The chief executive officer may revise any plan prepared under this paragraph and shall furnish the revised plan to the Secretary.

(2) Each plan prepared under paragraph (1) and each substantial revision thereof shall be made available for public inspection within the State involved in such a manner as will facilitate timely and meaningful review of, and comment upon, such plan or substantial revision.

(3) Not later than April 1 of each fiscal year the Secretary shall make available to the States a model State plan format that may be used, at the option of each State, to prepare the plan required under paragraph (1) for the next fiscal year.

(d) The State shall expend funds in accordance with the State plan under this title or in accordance with revisions applicable to such plan.

(e) Each State shall, in carrying out the requirements of subsection (b)(10), obtain financial and compliance audits of any funds which the State receives under this title. Such audits shall be made public within the State on a timely basis. The audits shall be conducted at least every two years by an organization or person independent of any agency administering activities under this title. The audits shall be conducted in accordance with the Comptroller General's standards for audit of governmental organizations, programs, activities, and functions.

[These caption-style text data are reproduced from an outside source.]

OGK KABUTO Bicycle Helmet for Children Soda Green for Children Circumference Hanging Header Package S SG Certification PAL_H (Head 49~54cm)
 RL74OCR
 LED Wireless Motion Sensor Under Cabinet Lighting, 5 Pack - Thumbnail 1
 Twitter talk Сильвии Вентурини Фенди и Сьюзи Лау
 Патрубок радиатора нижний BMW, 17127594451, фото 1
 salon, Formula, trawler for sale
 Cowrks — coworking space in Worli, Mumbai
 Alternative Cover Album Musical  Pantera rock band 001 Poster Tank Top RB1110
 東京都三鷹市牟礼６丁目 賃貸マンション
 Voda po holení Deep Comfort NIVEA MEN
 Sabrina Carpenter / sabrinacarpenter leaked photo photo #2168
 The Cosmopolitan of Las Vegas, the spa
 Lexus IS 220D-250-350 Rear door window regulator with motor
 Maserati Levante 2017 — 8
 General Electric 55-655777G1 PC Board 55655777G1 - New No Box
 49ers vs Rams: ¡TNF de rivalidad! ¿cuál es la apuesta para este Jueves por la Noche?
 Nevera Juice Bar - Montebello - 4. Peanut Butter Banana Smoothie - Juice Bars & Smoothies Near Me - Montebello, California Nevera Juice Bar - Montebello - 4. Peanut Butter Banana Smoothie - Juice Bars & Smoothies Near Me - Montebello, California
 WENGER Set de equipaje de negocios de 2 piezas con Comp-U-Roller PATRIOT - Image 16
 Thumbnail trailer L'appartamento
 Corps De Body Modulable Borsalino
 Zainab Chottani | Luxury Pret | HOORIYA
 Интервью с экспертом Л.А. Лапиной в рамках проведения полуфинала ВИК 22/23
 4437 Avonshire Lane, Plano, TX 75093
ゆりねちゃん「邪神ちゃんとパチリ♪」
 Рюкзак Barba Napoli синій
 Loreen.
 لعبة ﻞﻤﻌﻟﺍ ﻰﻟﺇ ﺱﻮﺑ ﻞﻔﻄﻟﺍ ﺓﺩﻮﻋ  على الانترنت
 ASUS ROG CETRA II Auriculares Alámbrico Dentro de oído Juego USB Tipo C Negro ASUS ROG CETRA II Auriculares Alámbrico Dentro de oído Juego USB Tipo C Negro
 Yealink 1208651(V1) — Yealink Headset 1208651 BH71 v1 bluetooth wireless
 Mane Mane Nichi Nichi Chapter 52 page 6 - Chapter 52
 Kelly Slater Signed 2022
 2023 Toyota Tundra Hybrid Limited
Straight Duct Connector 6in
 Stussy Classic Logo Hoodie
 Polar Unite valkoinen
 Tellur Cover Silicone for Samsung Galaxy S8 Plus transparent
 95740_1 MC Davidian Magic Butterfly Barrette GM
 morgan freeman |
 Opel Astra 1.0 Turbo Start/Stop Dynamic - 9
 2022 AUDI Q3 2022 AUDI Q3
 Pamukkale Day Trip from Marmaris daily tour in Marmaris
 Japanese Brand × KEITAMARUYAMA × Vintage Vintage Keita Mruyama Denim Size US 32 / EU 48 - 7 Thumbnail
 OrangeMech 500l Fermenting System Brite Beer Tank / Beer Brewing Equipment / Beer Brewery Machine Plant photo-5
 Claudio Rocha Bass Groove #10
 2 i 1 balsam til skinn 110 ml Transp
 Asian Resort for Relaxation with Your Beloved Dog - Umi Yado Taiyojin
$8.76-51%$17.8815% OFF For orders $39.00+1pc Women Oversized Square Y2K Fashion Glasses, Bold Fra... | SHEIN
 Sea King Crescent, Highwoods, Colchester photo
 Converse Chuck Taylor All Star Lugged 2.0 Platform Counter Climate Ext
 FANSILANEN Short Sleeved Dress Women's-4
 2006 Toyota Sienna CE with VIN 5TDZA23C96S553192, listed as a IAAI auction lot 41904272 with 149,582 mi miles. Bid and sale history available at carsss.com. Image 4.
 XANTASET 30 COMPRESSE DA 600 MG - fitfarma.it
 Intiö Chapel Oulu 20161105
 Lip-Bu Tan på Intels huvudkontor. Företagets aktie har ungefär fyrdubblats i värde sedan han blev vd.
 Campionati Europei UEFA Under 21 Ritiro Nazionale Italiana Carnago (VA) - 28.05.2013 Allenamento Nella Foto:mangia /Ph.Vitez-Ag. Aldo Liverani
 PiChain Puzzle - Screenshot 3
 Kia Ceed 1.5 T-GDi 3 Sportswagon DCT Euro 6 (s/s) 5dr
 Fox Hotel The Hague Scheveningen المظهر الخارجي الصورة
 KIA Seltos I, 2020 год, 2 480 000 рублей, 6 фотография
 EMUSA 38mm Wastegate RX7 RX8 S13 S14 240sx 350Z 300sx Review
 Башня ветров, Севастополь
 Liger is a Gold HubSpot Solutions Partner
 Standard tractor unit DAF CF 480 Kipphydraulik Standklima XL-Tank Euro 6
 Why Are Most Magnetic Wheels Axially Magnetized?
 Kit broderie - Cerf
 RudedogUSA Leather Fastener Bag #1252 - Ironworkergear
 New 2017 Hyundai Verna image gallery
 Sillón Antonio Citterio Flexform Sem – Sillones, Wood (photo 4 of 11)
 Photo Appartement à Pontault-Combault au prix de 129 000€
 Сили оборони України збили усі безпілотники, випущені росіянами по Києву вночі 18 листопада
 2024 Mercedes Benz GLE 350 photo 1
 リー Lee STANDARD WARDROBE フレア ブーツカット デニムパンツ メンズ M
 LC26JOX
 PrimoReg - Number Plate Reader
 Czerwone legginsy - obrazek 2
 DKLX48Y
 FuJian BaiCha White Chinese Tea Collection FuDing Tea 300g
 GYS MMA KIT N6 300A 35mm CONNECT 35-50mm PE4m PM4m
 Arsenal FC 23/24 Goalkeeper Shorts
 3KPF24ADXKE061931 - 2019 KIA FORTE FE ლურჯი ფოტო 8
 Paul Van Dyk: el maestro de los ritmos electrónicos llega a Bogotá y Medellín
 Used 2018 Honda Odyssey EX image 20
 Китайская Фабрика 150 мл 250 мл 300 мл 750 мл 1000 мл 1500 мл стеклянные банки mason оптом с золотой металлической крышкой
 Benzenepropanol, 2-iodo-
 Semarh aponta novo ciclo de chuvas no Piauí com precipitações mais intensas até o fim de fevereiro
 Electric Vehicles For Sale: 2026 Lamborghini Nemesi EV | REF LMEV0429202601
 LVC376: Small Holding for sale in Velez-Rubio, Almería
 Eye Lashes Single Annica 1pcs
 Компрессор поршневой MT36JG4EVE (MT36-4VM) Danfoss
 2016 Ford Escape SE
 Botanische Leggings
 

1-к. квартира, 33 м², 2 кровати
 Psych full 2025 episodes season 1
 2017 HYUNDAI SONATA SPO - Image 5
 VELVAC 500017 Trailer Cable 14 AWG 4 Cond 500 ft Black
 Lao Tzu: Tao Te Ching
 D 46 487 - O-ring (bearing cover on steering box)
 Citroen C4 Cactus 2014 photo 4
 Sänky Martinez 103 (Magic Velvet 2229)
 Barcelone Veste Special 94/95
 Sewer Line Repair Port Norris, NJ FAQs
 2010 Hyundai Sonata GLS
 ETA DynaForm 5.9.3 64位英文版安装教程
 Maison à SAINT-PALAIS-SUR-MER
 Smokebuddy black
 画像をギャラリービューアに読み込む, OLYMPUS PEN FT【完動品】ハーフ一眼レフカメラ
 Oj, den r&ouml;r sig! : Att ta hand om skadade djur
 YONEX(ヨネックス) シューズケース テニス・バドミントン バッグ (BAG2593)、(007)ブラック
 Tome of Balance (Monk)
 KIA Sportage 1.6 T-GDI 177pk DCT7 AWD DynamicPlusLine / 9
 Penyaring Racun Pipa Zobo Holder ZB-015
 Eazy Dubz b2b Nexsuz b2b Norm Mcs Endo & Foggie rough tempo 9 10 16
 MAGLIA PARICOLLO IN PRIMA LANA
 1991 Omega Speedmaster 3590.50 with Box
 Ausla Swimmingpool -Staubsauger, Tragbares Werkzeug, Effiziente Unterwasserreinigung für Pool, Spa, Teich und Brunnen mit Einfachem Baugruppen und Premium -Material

Within 30 days after completion of each audit, the chief executive officer of the State shall submit a copy of the audit to the legislature of the State and to the Secretary.

(f)(1) Notwithstanding any other provision of law unless enacted in express limitation of this paragraph, the amount of any home energy assistance payments or allowances provided directly to, or indirectly for the benefit of, an eligible household under this title shall not be considered income or resources of such household (or any member thereof) for any purpose under any Federal or State law, including any law relating to taxation, food stamps, public assistance, or welfare programs.

(2) For purposes of paragraph (1) of this subsection and for purposes of determining any excess shelter expense deduction under section 5(e) of the Food Stamp Act of 1977 (7 U.S.C. 2014(e))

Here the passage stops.